I recently got the chance to read The Mongoliad: Book One by Neal Stephenson, Greg Bear, Mark Teppo, E.D. deBirmingham, Erik Bear, Joseph Brassey, and Cooper Moo. Fair warning, Neal Stephenson is my favorite author, so I am likely to read any of his stuff with my fanboy glasses on. Now, you might have the same reaction I did when you see all those names. That’s nearly enough for a curling match, you might say. This seems like a lot of authors to write a book, even a series that is as long as this one promises to be. So, what gives? Unfortunately for you, I want to get into the question of is it good first. Sorry.
So, is it good? Yes.
Alright, moving on.
(sounds of scuffling)
Barbra Dillon, editor extraordinaire: Seriously? No mention of the setting? The characters? The writing? The story? Ben, if you don’t get me something I can use here, you’re fired!
Ben Rhodes: Ok! Ok! Watch where you’re pointing that thing! I’ll explain everything.
So, in the order mandated to me by my sweet and charming boss, I will address the setting first. This is a novel set in the spaces between the historical facts regarding the Mongol invasion of Europe. Technically, an alternate history, the story follows a group of knights who travel on a great quest to attempt to halt the Mongol horde. We also follow the goings on in the Mongol court, to lend accuracy and humanize the apparent villains. The book offers an unflinching account of the filth and depravity in the year 1241.
The characters all give the impression that they are well-rounded. There are a few that we never get too close to, but there are small details that show up here and there which reveal a great deal of thought. I don’t want to get too spoilery, but one of the things I most enjoyed about this was the opportunity to see excellent writers introduce characters from totally separate worlds.
The writing is clean and easy to get into. There are, perhaps, two passages in the entire book that were difficult to follow, when I was reading way past my bedtime. Overall, this is a terrifically engaging book that pulled me along at least as quickly as The Hunger Games. I finished the book in roughly five days, despite the fact that I kept my daily allotment of video games, TV, and my day job.
The story is a nice, straight forward, action-type quest. Think Lord of the Rings without all that pesky fantasy. Group A tries to walk and ride from here to there. Along the way, interesting things happen.

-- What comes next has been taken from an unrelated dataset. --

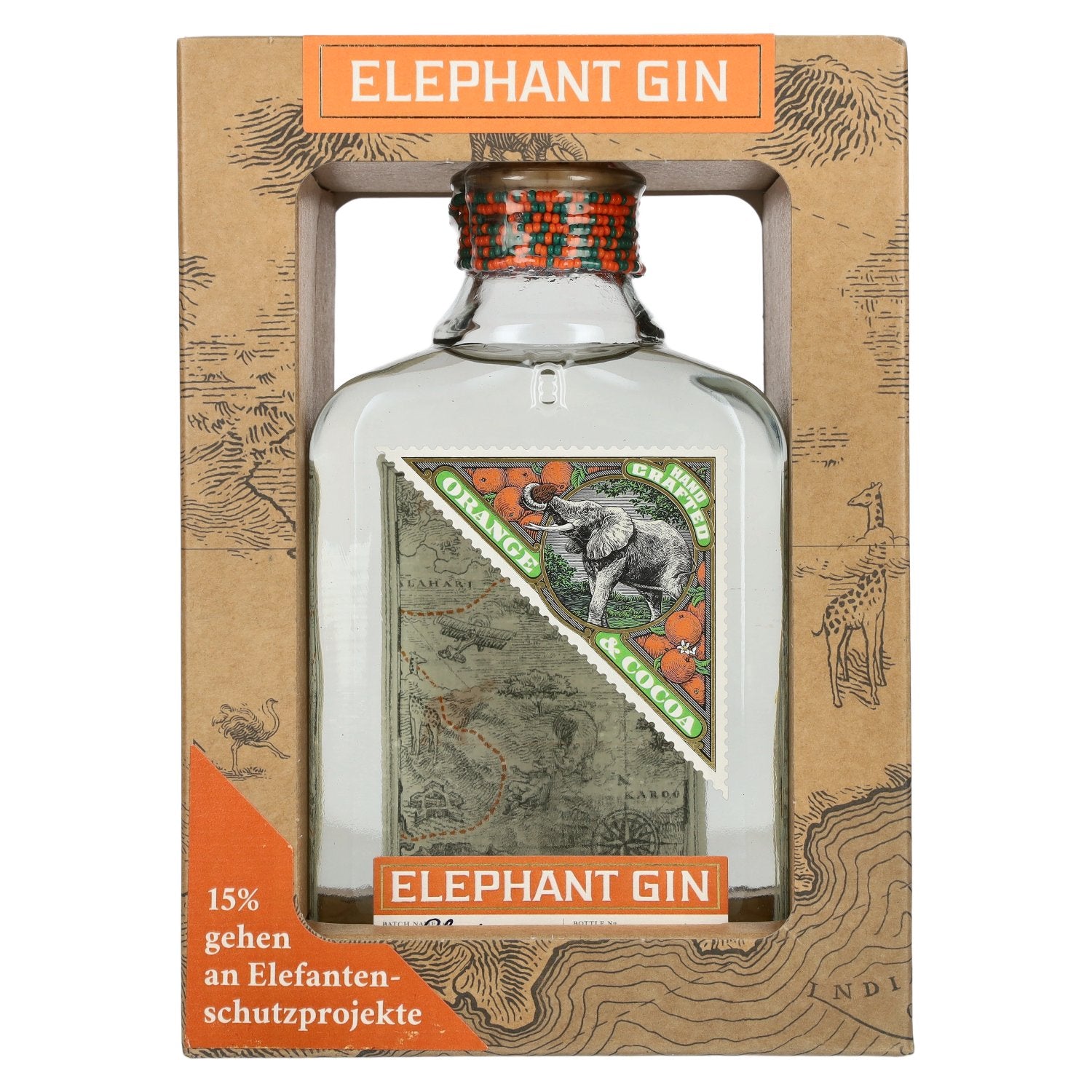 Elephant Gin Orange & Cocoa 40% Vol. 0,5l in Giftbox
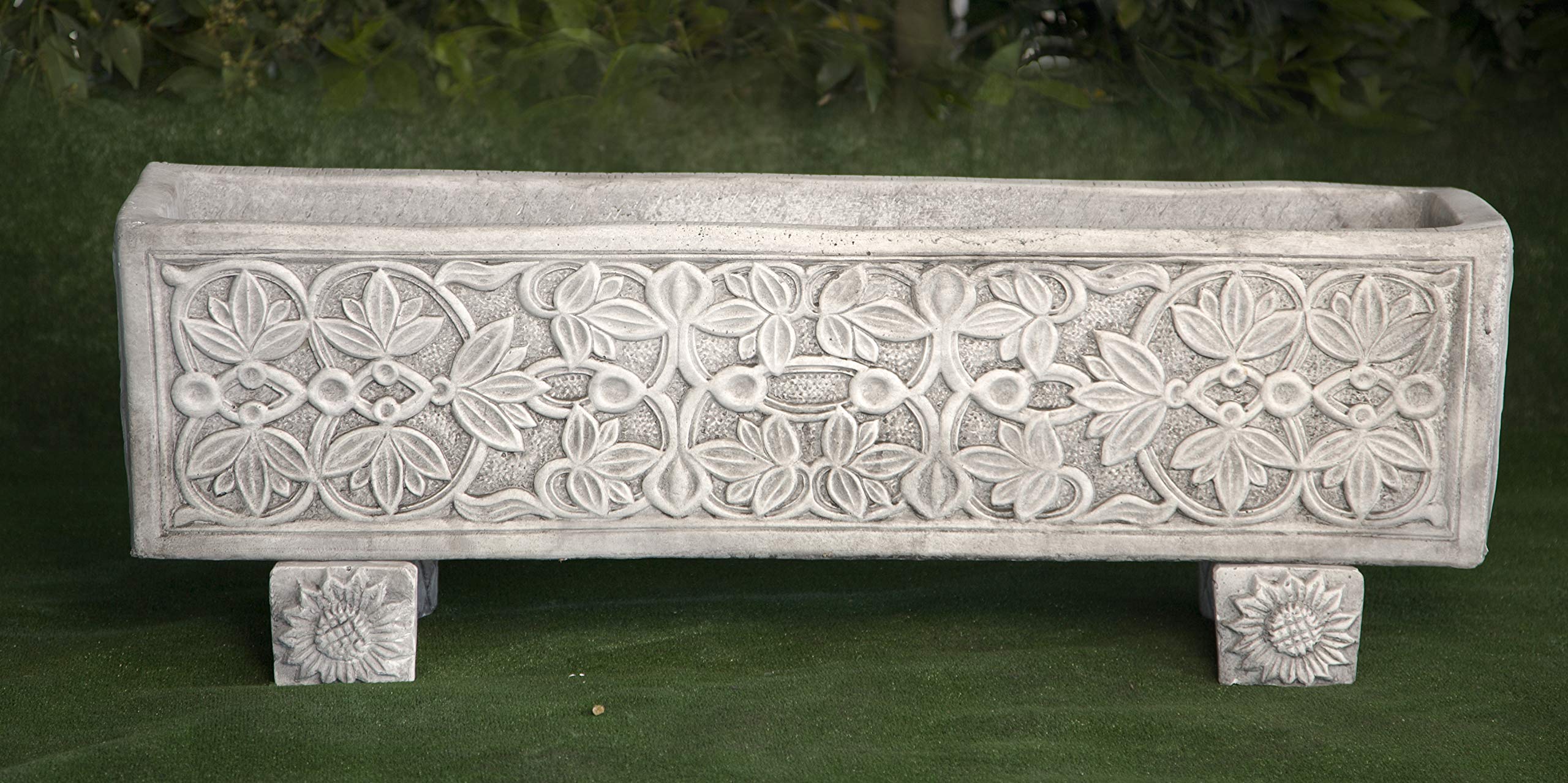 AnaParra Jardinera clásica de Hormigón Asturias 100x26x36cm. - Resistente UV, heladas, Vientos. Sin Mantenimiento - Hecho en España.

MINOR SPOILERS, like back of the book type spoilers, in the next paragraph.
In this case, group A is an order of knights who are, perhaps, the best fighters of the European style. “Here” is Europe, and “there” is the seat of the Mongolian Empire. “Why” is to assassinate the most powerful man in the world. “Along the way” is a tremendously good read.
So, why does it take a metric ton of writers to write one normal-sized volume in a normal-sized series? There are two reasons. The first is the tremendous amount of detail that goes into the history here, especially with the fights. The driving force behind this book was the desire to (perhaps, for the first time ever,) get the martial arts exactly right. The authors here all regularly practiced sword fighting, and decided that it was time to accurately describe the art in a book. So, every fight is painstakingly worked out, and refined, and practiced, and broken down, and…you get the picture. The second reason there are so many authors is the incredible pace that progress on this book takes.
This book does not follow the traditional publishing route. Or, perhaps, it follows a more traditional publishing route. The Mongoliad: Book One is the bound collection of the first set of chapters in a serialized online novel. Generally, once a week, a new chapter is released. These are available on various Android and iDevices, as well as at the website. This is something that I didn’t know until I finished the book. I don’t imagine that an audience that reads a lot of comics would be interested in a novel that is released a chapter at a time, but the volume I read (a textual novel if you will) was a great way to enjoy the story. Now, I have to decide if I want to cough up for a subscription to the digital version.
Five frighteningly accurate historical sword fights out of five.